Member of the East Pakistan Provincial Assembly
- In office 1962–1965
- In office 1957–1958

Member of the Assam Legislative Assembly for Sylhet Sadar-N
- In office 1937–1946
- Preceded by: Abdul Hamid
- Succeeded by: Ibrahim Ali

Personal details
- Born: 11 January 1906 Sylhet District, Eastern Bengal and Assam, British India
- Died: 10 May 1999 (aged 93) Sylhet, Bangladesh
- Party: BML
- Other political affiliations: PMLC (1962–1971) PML (1947–1958) AIML (pre-1947)

= Abdus Salam (Sylhet politician) =

Bangladeshi politician (1906–1999)

Moulvi Abdus Salam (আবদুস সালাম; 11 January 1906 – 10 May 1999) was a Bangladeshi politician and member of the Assam Legislative Assembly.
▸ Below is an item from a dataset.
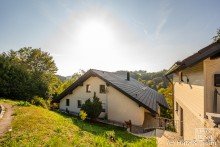 Au�enansicht Einziehen. Entspannen. 
Nebenkosten? Erledigt vom eigenen Chalet!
He was later a member of the East Bengal Provincial Assembly and the Revenue Minister in East Bengal from 1954 to 1962.

== Early life and education ==
Abdus Salam was born on 11 January 1906 to a Bengali Muslim family in the village of Sonapur in Kanaighat Thana, Sylhet District, Eastern Bengal and Assam, British India. His father's name was Munshi Hazir Ali and mother's name was Alekjan Begum. He completed his primary education from Birdal Primary School in 1918, before proceeding to join the Kanaighat Government Middle English School in 1922. In 1931, he passed first class from Jhingabari Alia Madrasa. He received his Intermediate of Arts in 1933 and Bachelor of Arts in 1936, both from the Murari Chand College in Sylhet. Abdus Salam received his Master of Arts from Aligarh Muslim University.

== Career ==
Abdus Salam was elected as a member of the Assam Legislative Assembly on 19 January 1937, during his days as a student. In 1954, he was appointed as the president of the Sylhet District Muslim League. He successfully won a seat in the East Bengal Legislative Assembly in 1954 as a Muslim League politician as well as becoming the Revenue and Land Administration Minister for East Bengal. During the 1979 Bangladeshi general election, he competed as a Bangladesh Muslim League candidate but was unsuccessful. He was elected as the president of the Bangladesh Muslim League's Sylhet District branch in 1976.

== Death ==
Abdus Salam died in Sylhet on 10 May 1999.